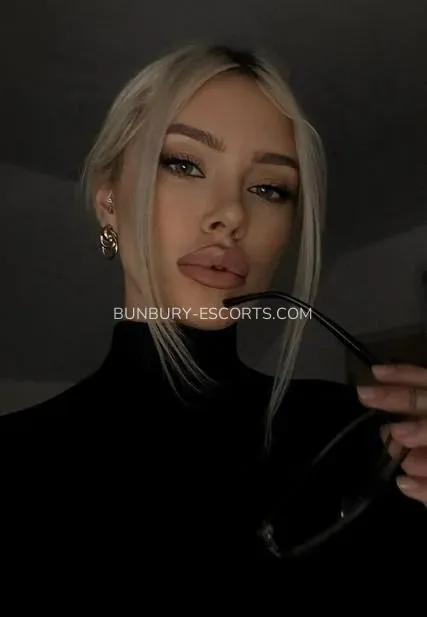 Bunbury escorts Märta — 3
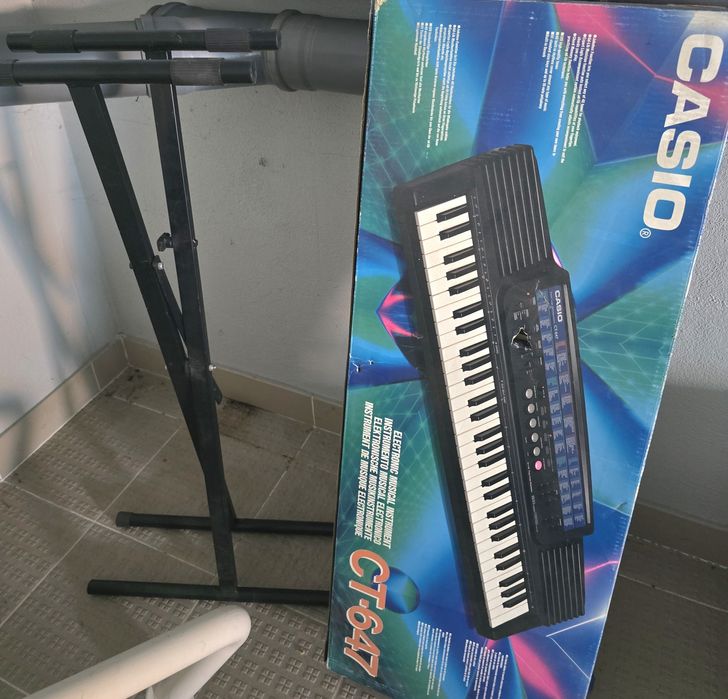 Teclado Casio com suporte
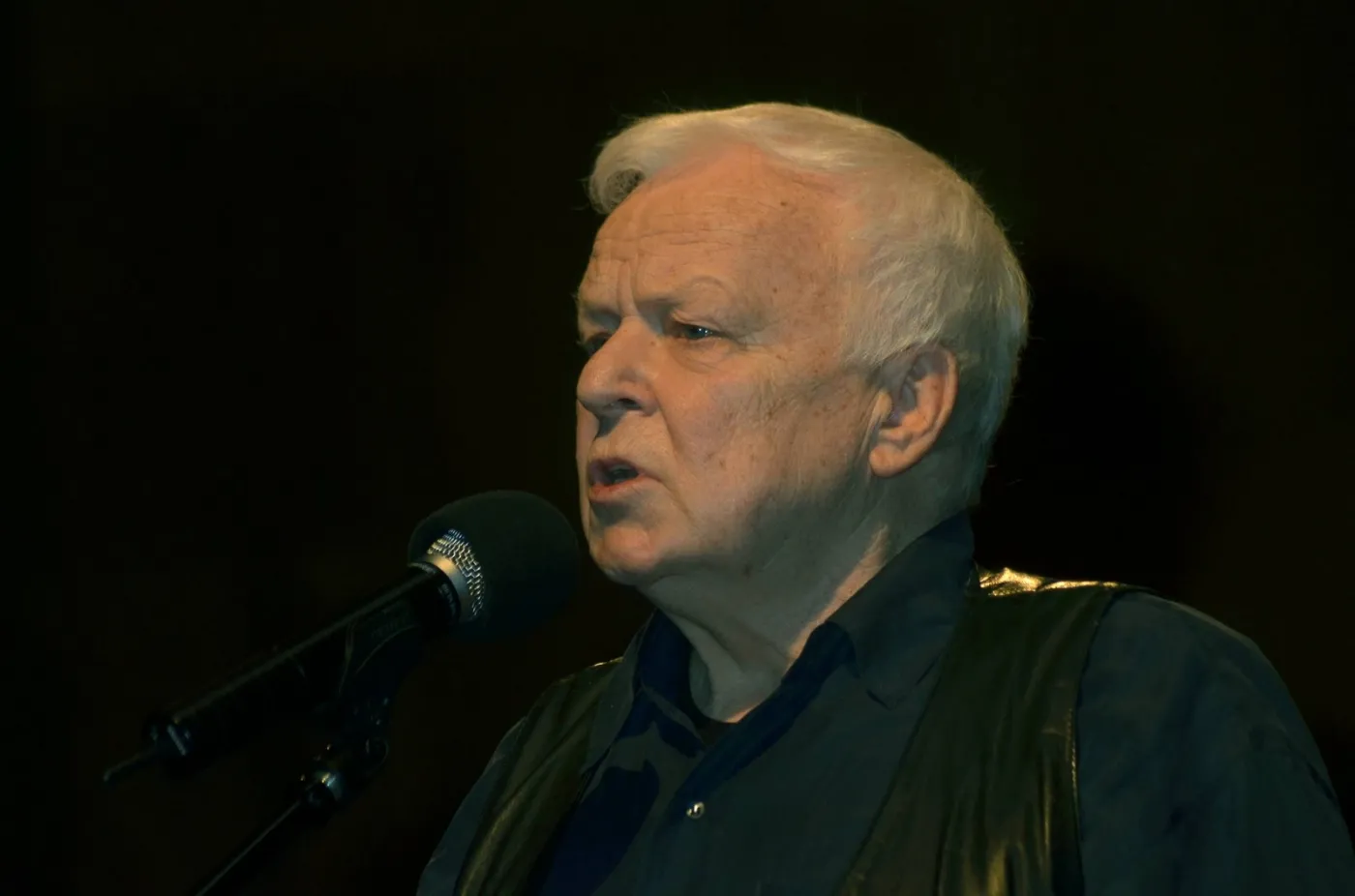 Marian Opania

===

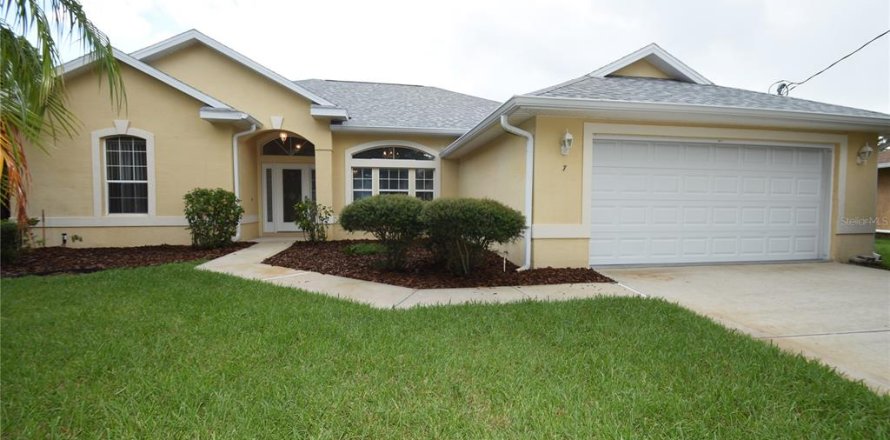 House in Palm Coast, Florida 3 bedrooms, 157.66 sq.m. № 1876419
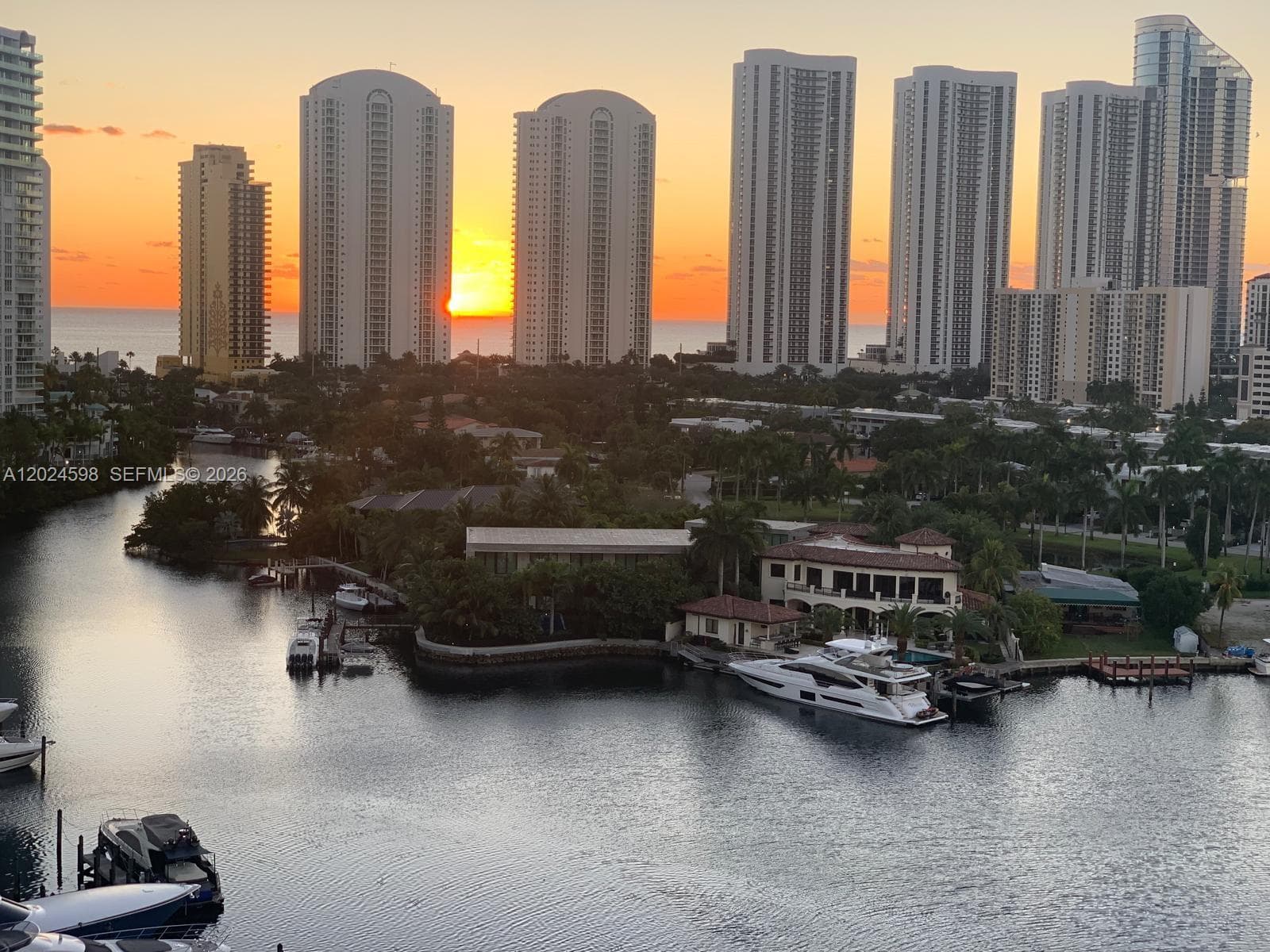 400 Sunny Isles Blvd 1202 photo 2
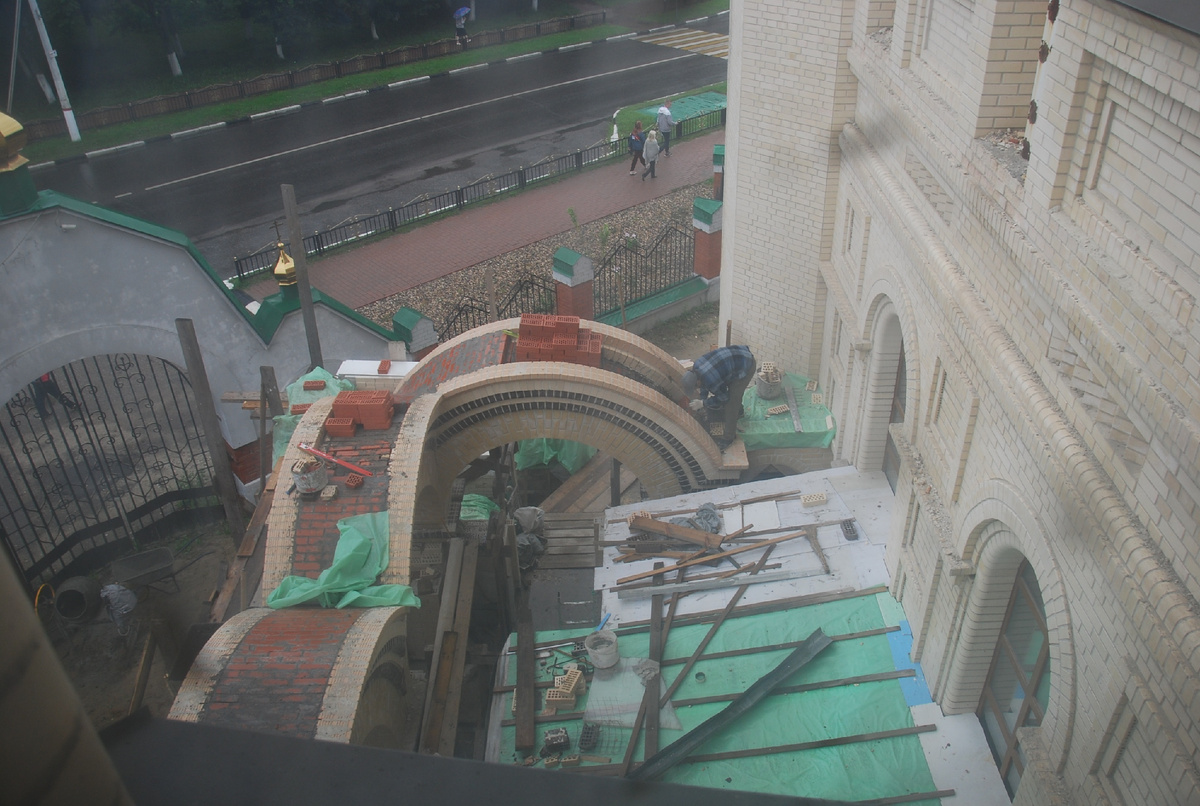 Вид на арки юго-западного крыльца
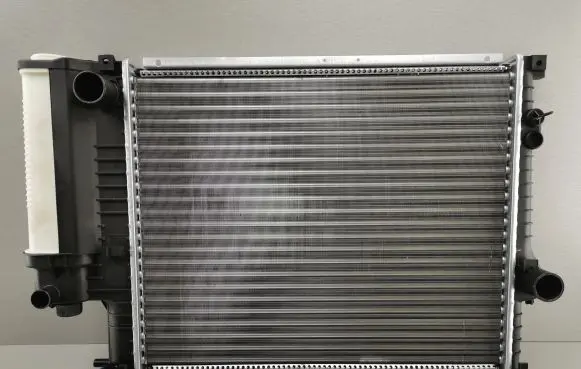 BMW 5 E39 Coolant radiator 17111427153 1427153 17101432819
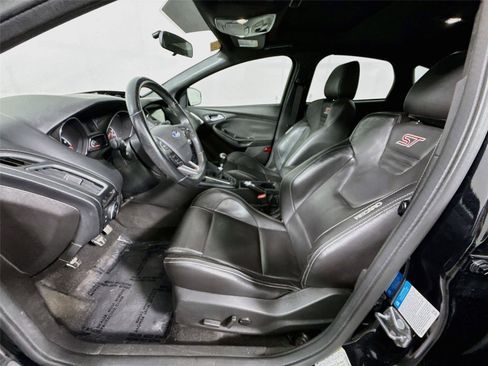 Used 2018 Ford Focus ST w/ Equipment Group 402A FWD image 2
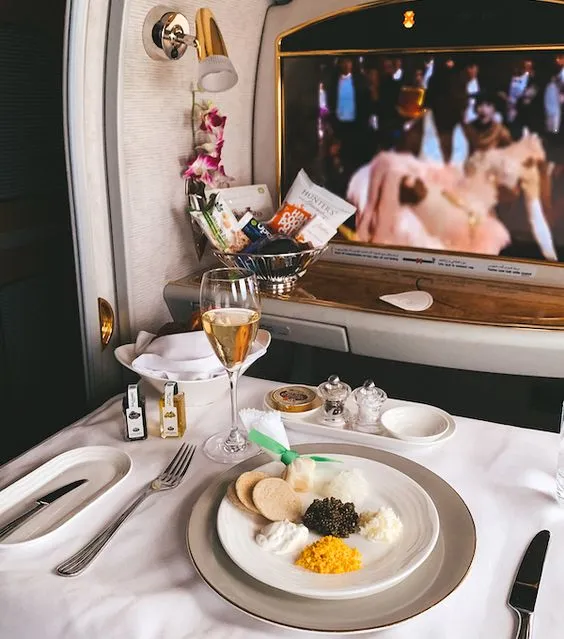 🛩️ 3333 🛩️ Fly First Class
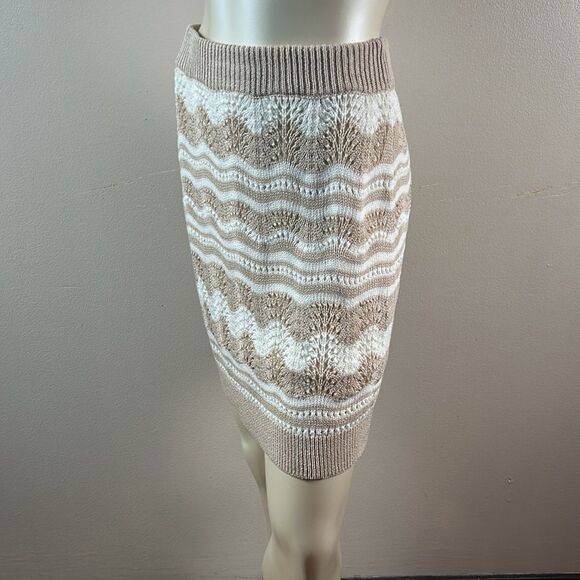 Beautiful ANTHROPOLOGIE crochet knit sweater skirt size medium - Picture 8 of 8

===

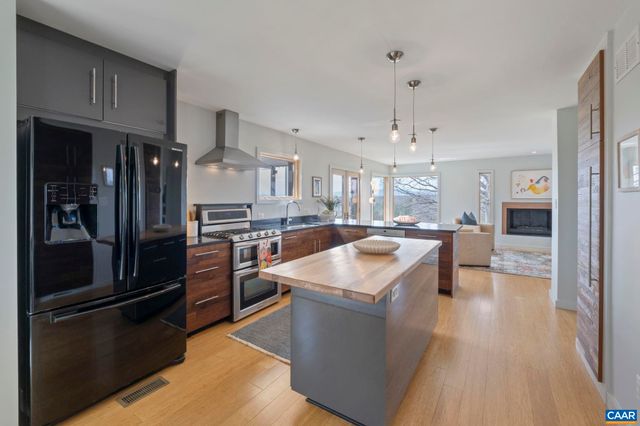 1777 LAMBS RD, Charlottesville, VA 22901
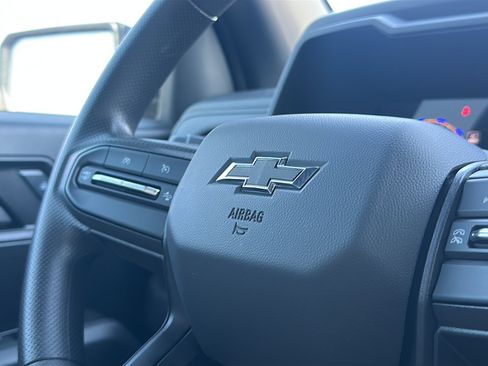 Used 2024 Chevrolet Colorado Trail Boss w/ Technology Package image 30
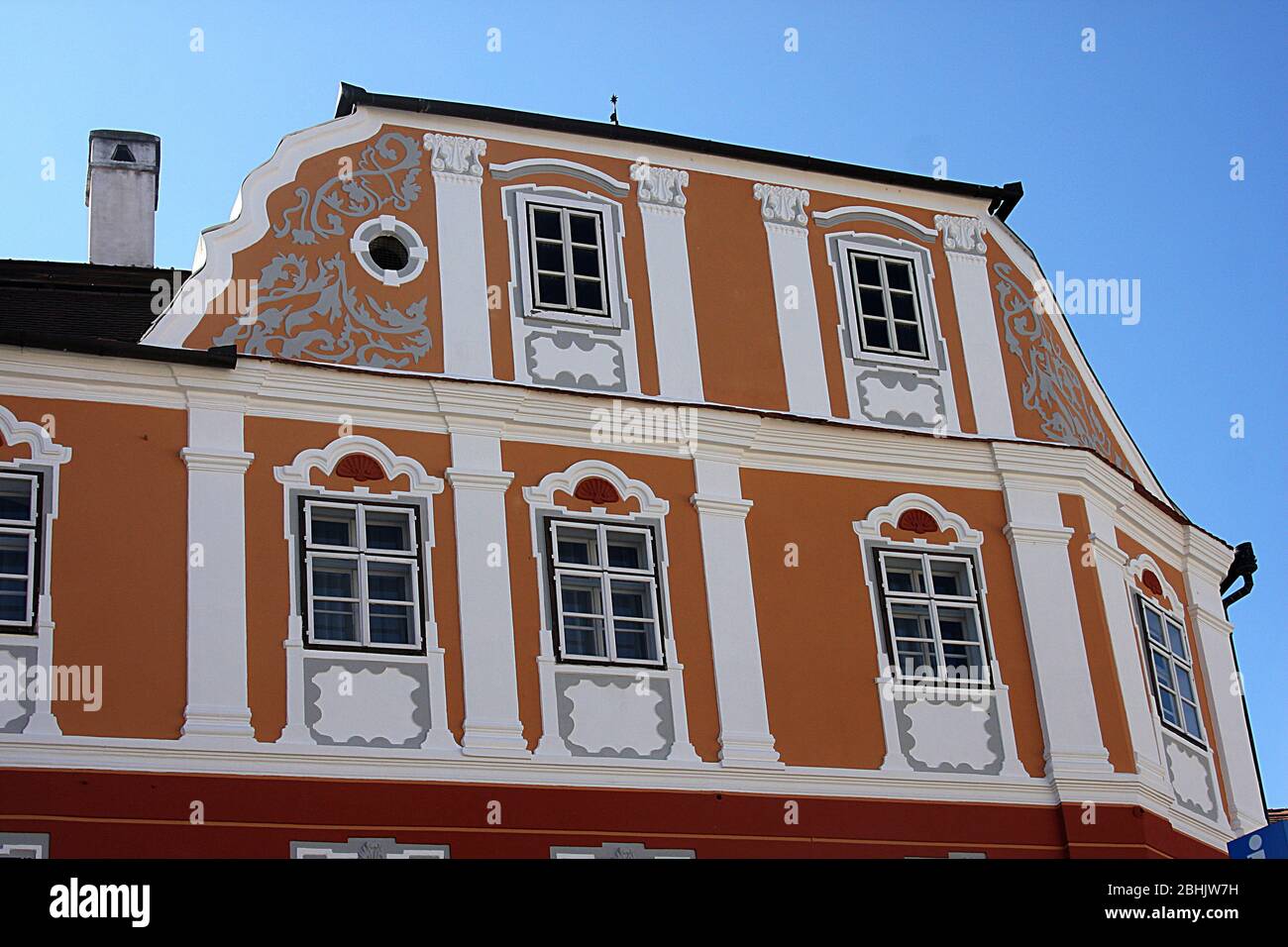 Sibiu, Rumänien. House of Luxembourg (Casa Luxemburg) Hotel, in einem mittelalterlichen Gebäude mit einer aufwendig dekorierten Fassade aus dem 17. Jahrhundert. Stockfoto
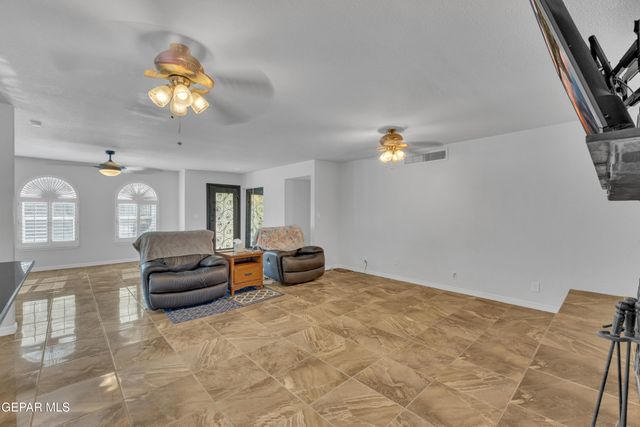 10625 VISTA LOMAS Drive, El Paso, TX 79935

===

- INSTRUCTIONS TO FOLLOW:
Print exactly the lines above that run from the one with "Sibiu, Rumänien. House" to the one with "10625 VISTA LOMAS Drive, El Paso, TX 79935", both included. No pictures.

- COMPLETED TASK:
 Sibiu, Rumänien. House of Luxembourg (Casa Luxemburg) Hotel, in einem mittelalterlichen Gebäude mit einer aufwendig dekorierten Fassade aus dem 17. Jahrhundert. Stockfoto
 10625 VISTA LOMAS Drive, El Paso, TX 79935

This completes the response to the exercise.